▽

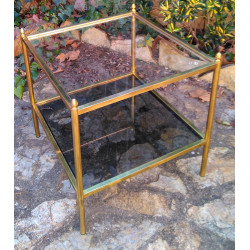MESA DE LATÓN DORADO Y CRISTAL
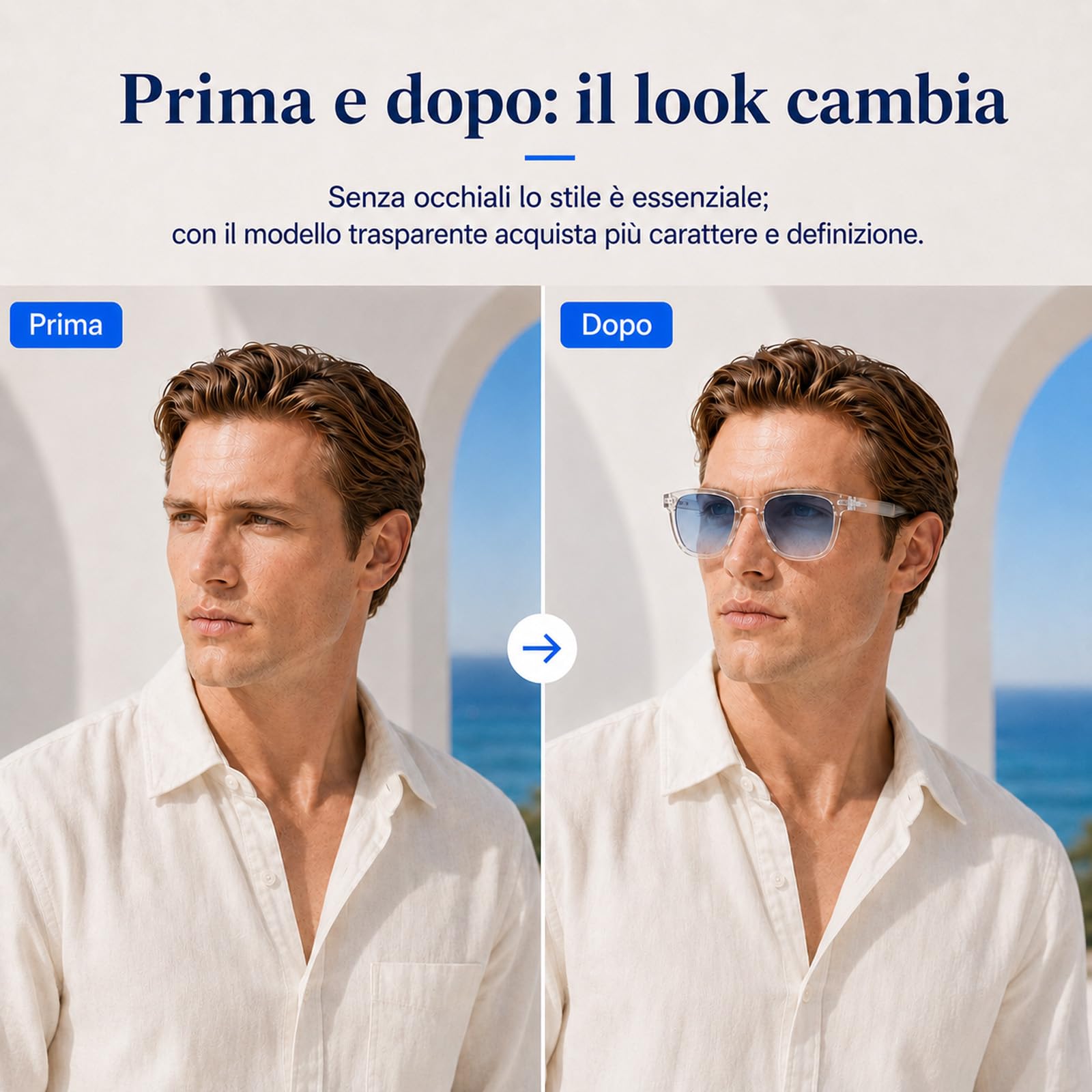 MarcoMoretti Occhiali da Sole UV400 Lenti Blu Unisex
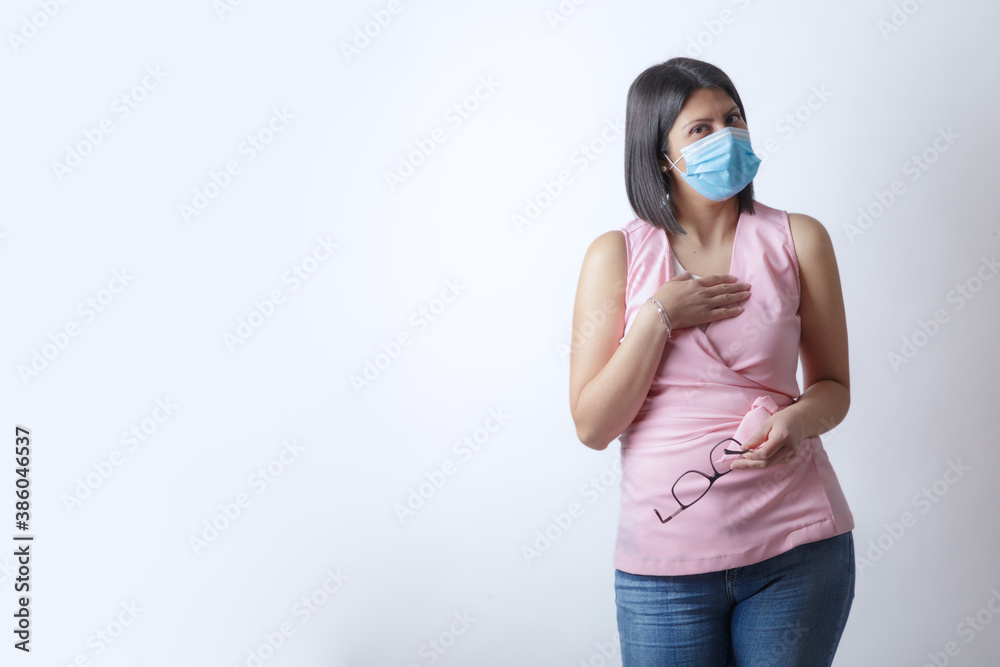 woman with mask posing with casual attire and glasses woman with mask posing with casual attire and glasses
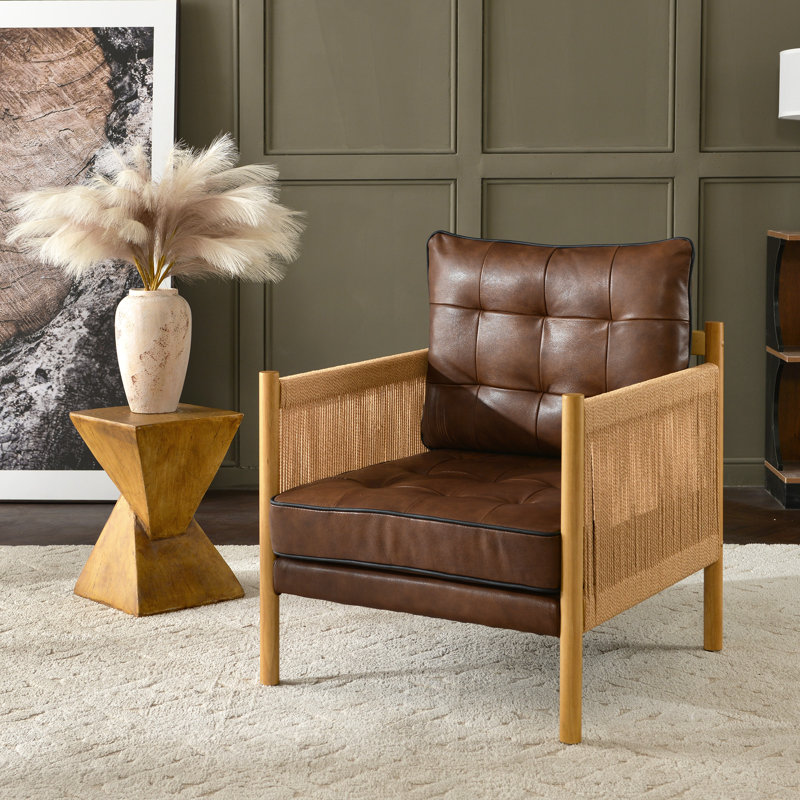 Fauteuil d'appoint en cuir véritable 28,7 po avec accoudoirs en corde de jute, Brun, Corde en jute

△

_Try it_:
Pictures are not part of the copy. Reproduce the lines from the one with "MarcoMoretti Occhiali da" through the end of the listing above.

_Response to the exercise_:
 MarcoMoretti Occhiali da Sole UV400 Lenti Blu Unisex
 woman with mask posing with casual attire and glasses woman with mask posing with casual attire and glasses
 Fauteuil d'appoint en cuir véritable 28,7 po avec accoudoirs en corde de jute, Brun, Corde en jute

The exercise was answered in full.